作者芥川龍之介的創作生涯在1916年前后,那時資本主義正在高速蓬勃的發展之中,經濟蕭條、社會動蕩、善與惡、明與暗、虛和實之間沒有明確的界限。芥川龍之介自己曾在文章中寫過,“最為賢明的生活方式是蔑視時代的習慣,同時又一點也不違反它地生活著。”在戰爭或是社會變更的洪流中,人不能輕易改變自身的處境,只能夠在身體的貧困艱難中,精神的貧瘠荒涼中尋找生活的支撐點。
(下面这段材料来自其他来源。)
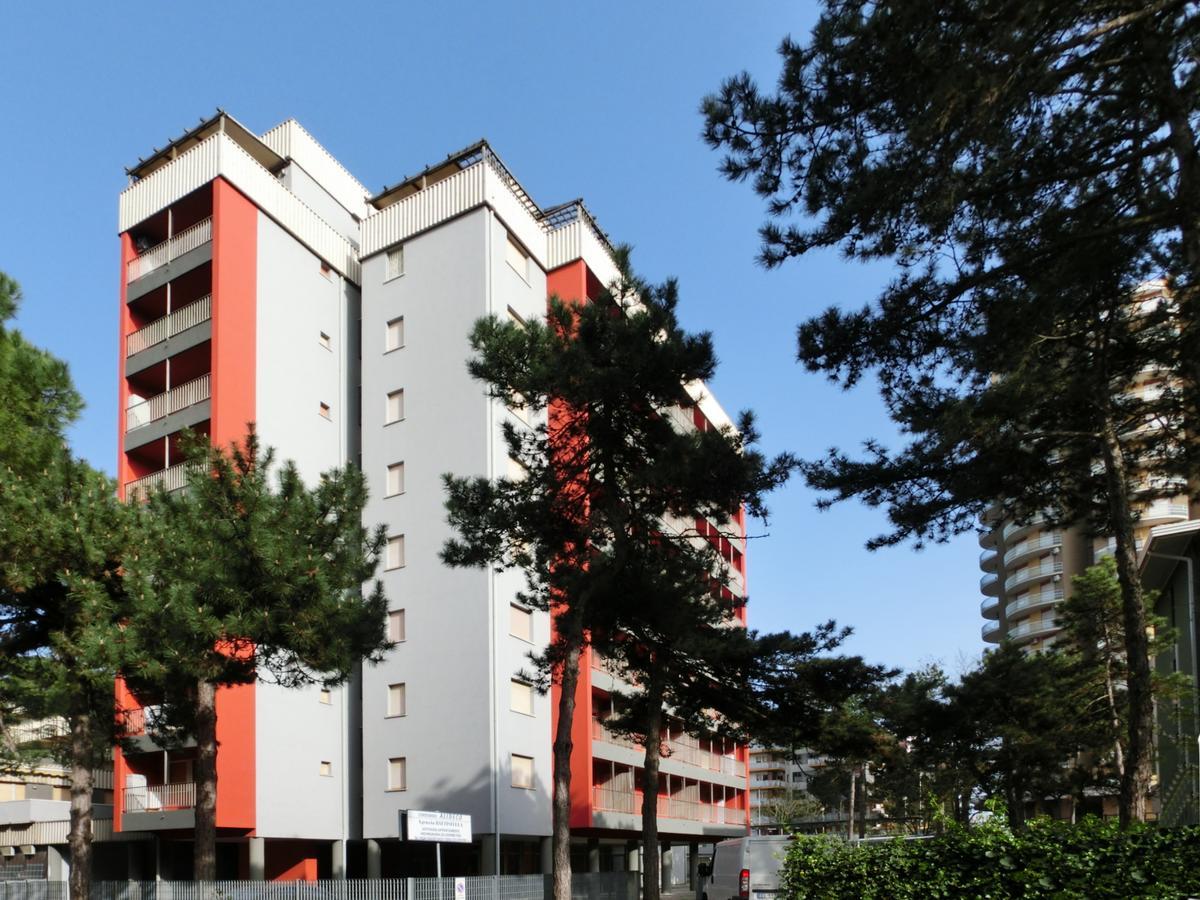 Alideco Lignano Sabbiadoro Exterior foto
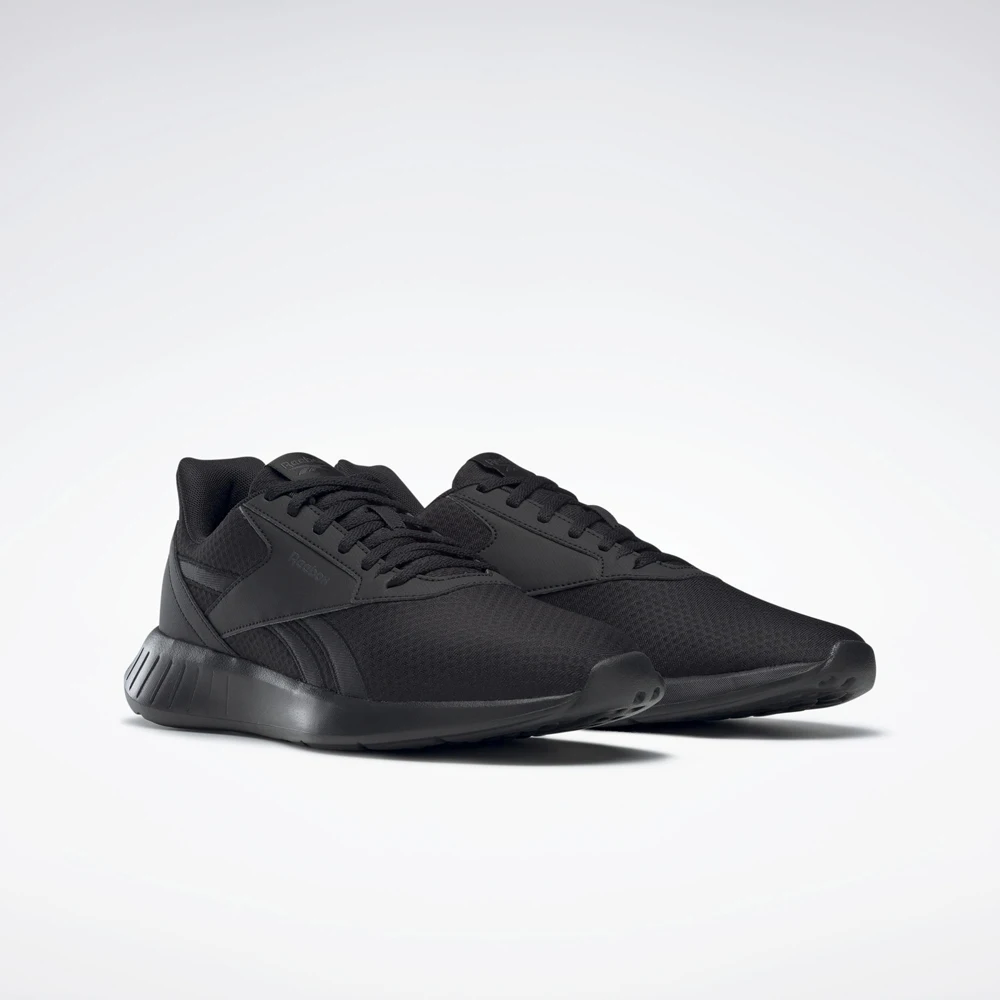 Кроссовки Reebok REEBOK LITE 2.0 BLACK/BLACK/TRGRY8 FW8025 - купить по  выгодной цене | AliExpress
電影《羅生門》找到了芥川龍之介文學作品中的共鳴,這種趨向于傳統的故事實質上是裹著古代外殼的現代寓言,無論是芥川龍之介所處的時代,還是他筆下的平安朝時期,更包括黑澤明創作電影《羅生門》的時代,都是如出一轍。
《羅生門》創作于第二次世界大戰之后的日本。二戰期間,所有的電影始終受政府的嚴格管控,制片廠為便于管理也進行了合并,所有的劇情片需要經過上級審查,只有反映民族主義、軍國主義、自我犧牲等精神的電影才可以通過。不同于德國和意大利,在法西斯專政時期日本仍能夠利用其民族的保守觀念拍出尊重人權、鼓勵文化多元化發展的影片。將反戰、反對軍國主義的思想埋藏在保守與隱喻中,日本電影在當時推崇人權,保留國民贊同的文化價值觀念,也是一種明智的做法。二戰結束以后,經歷了長期戰亂離散的日本人民開始在廢墟上重建家園,受戰爭創傷頗深的日本一方面在精神上保受著戰亂遺夢的折磨,另一方面又以全新的面貌、超凡的適應能力吸收新的經驗與教訓。美國在1945—1952年占領日本,此時日本的傳統文化觀念又同美式的自由開放形成了沖突,順從與獨立,封建與民主,安全與焦慮,這個時代的日本導演在不同的意識形態當中構成了全然不同的影像風格。黑澤明在其中以“最西化”著稱,這也是羅生門能夠最先打入國外,使日本戰后電影備受世界關注的原因。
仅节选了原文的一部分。